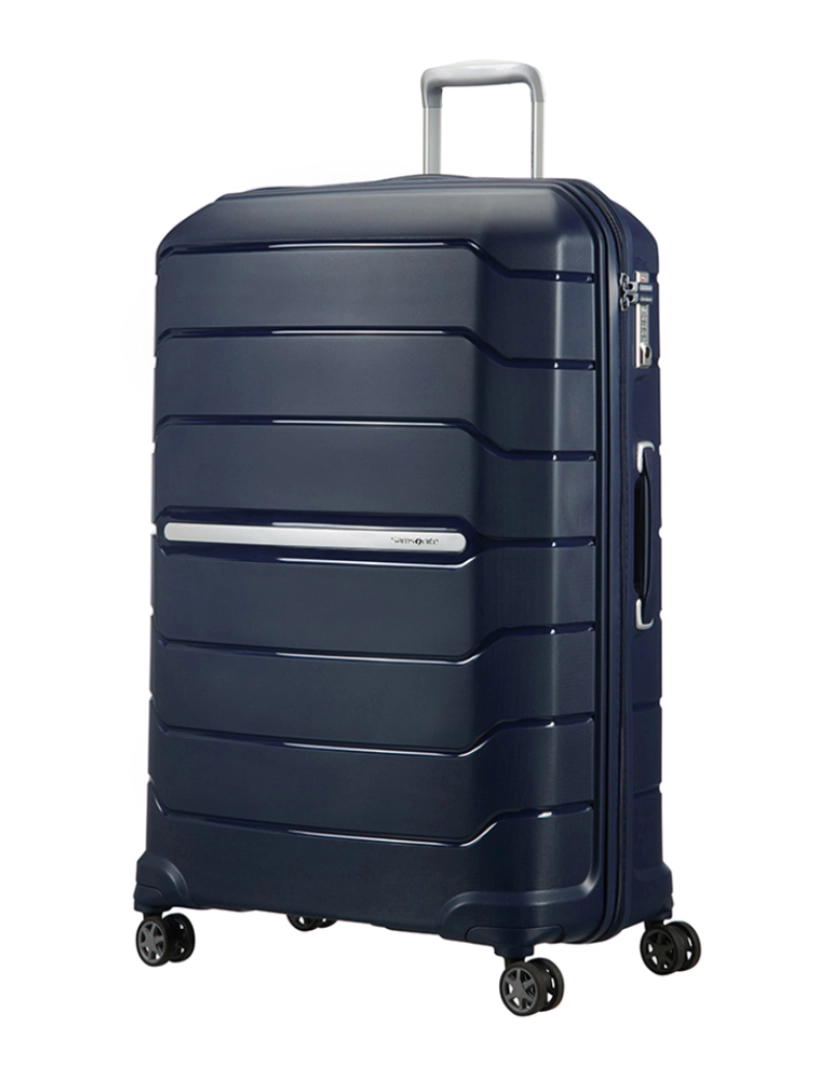 Samsonite - Mala de viagem extragrande 4 rodas expansível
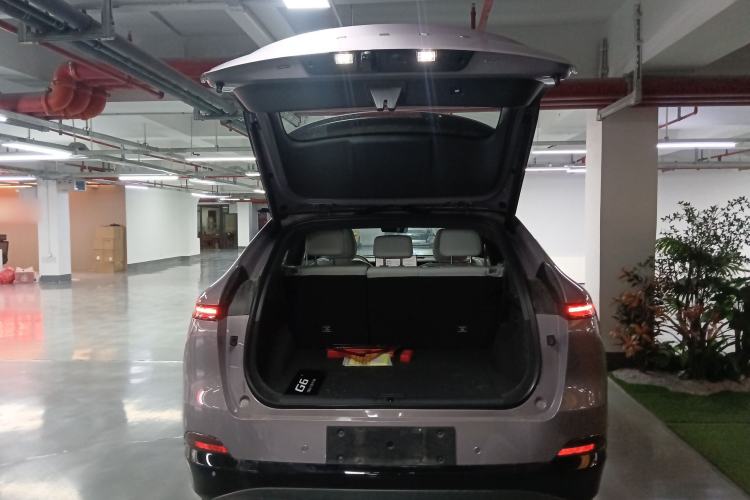 Used XPeng G6 2025 625 Long-Range Max Flagship Edition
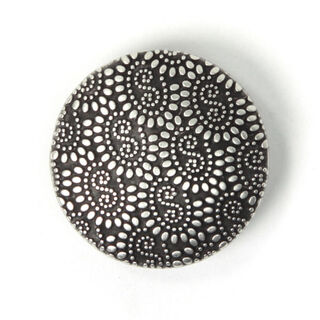 Metal Button Orient 1, 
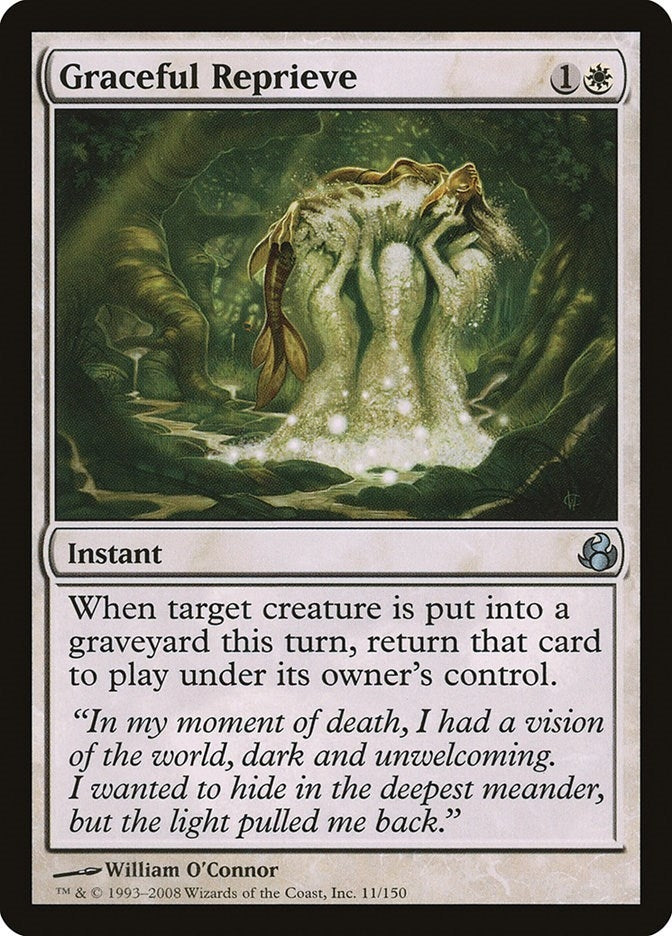 Graceful Reprieve (11) (Morningtide)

# # # # #

PROMPT =>
The data above needs to be retyped exactly, with the images left out.

WRITTEN SOLUTION =>
 Samsonite - Mala de viagem extragrande 4 rodas expansível
 Used XPeng G6 2025 625 Long-Range Max Flagship Edition
 Metal Button Orient 1, 
 Graceful Reprieve (11) (Morningtide)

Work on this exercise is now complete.